### Entries supplied ###
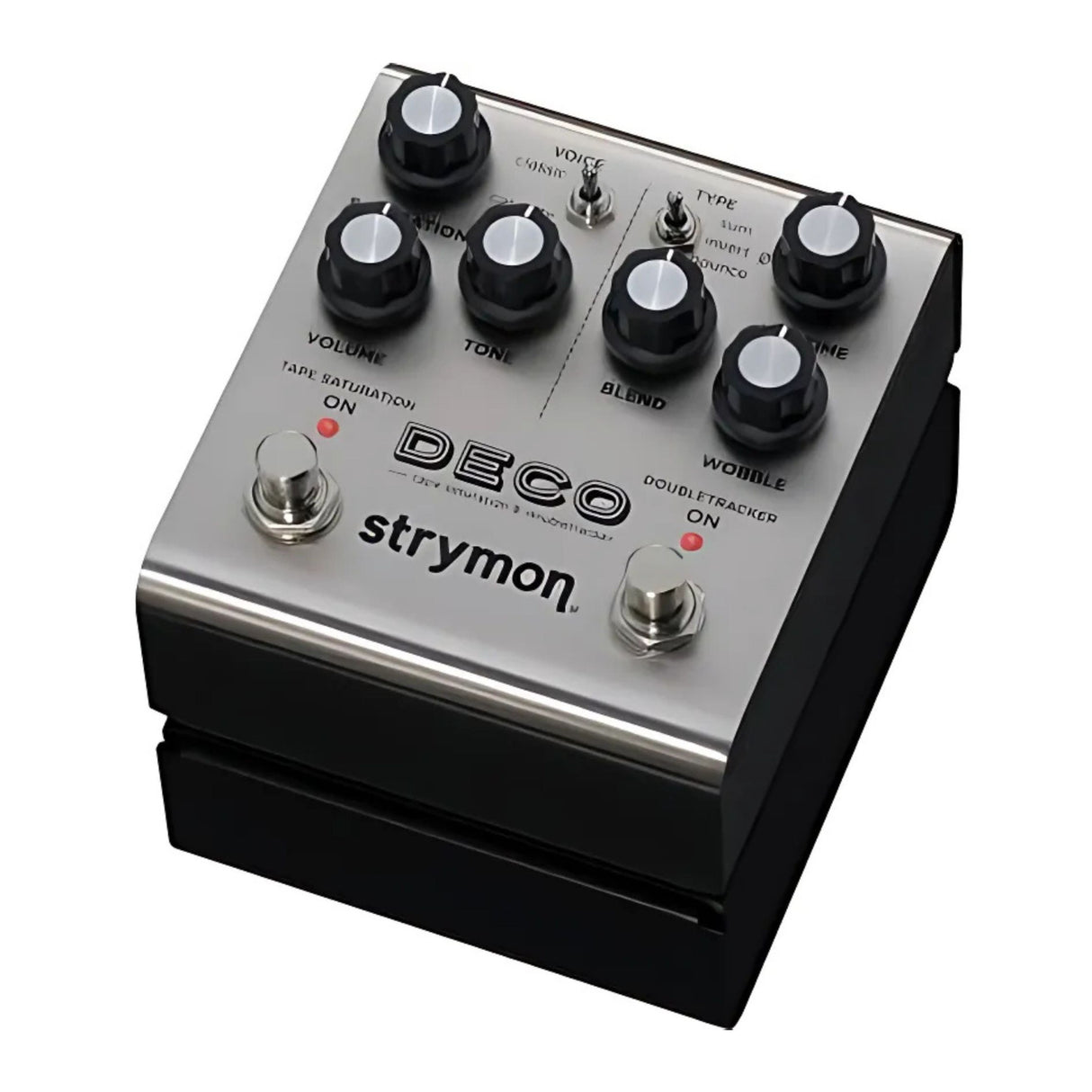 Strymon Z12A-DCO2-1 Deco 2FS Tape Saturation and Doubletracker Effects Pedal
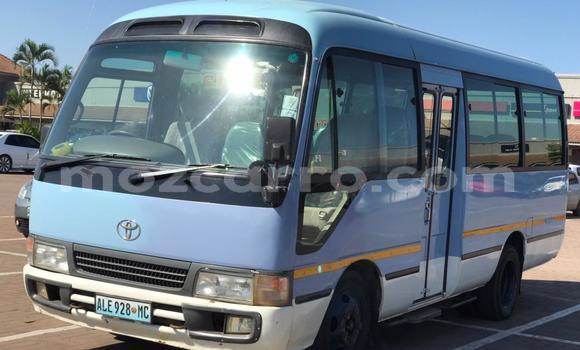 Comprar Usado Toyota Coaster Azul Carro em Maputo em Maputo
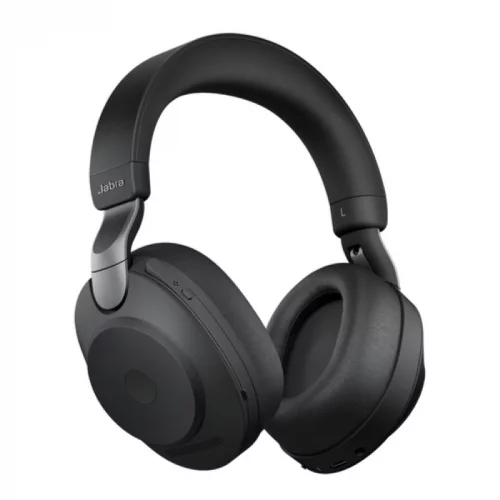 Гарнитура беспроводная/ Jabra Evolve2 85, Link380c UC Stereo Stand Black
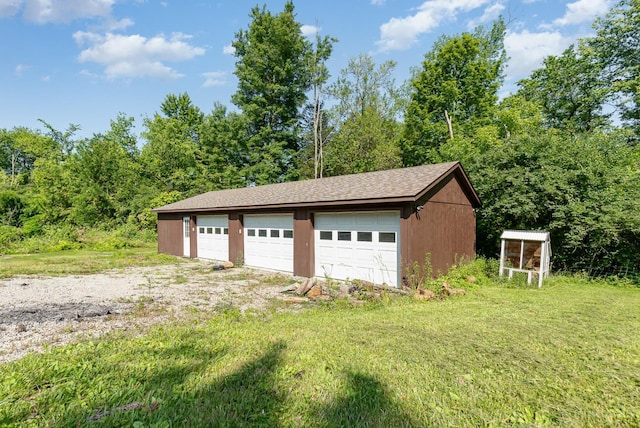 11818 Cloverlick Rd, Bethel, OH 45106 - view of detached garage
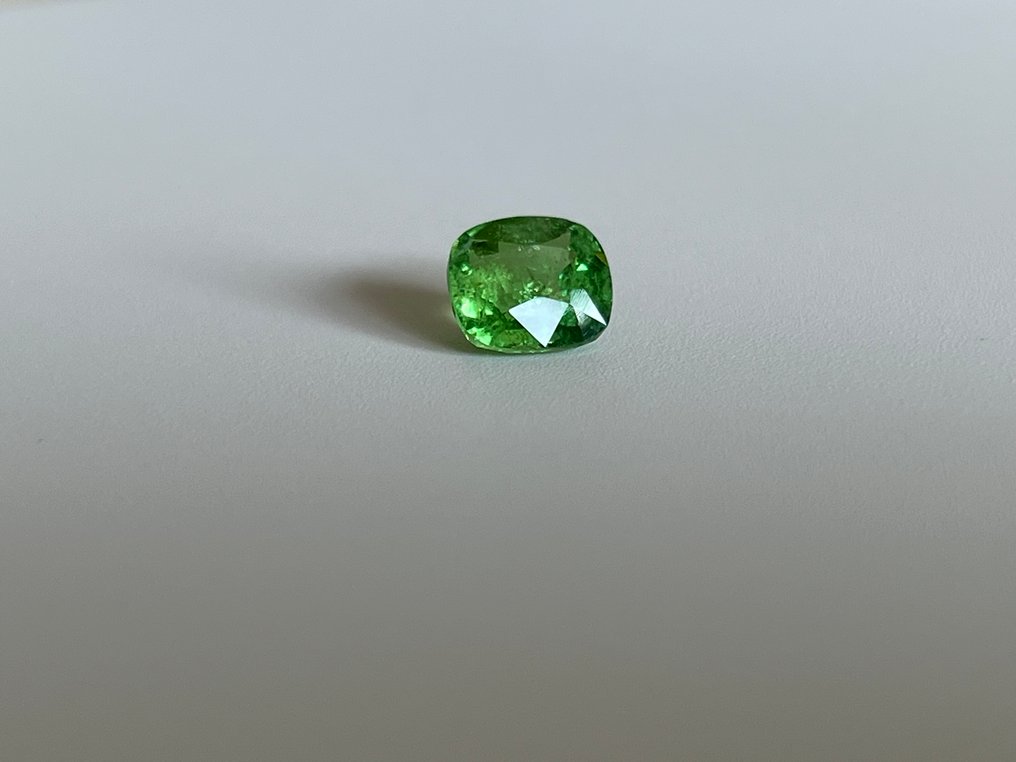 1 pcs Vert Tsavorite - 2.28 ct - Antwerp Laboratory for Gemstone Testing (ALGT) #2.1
###
◆ Work required
Your answer must be an exact copy of the lines above, from the line that contains "Гарнитура беспроводная/ Jabra" through the final line, with no pictures in it.

◆ Response
 Гарнитура беспроводная/ Jabra Evolve2 85, Link380c UC Stereo Stand Black
 11818 Cloverlick Rd, Bethel, OH 45106 - view of detached garage
 1 pcs Vert Tsavorite - 2.28 ct - Antwerp Laboratory for Gemstone Testing (ALGT) #2.1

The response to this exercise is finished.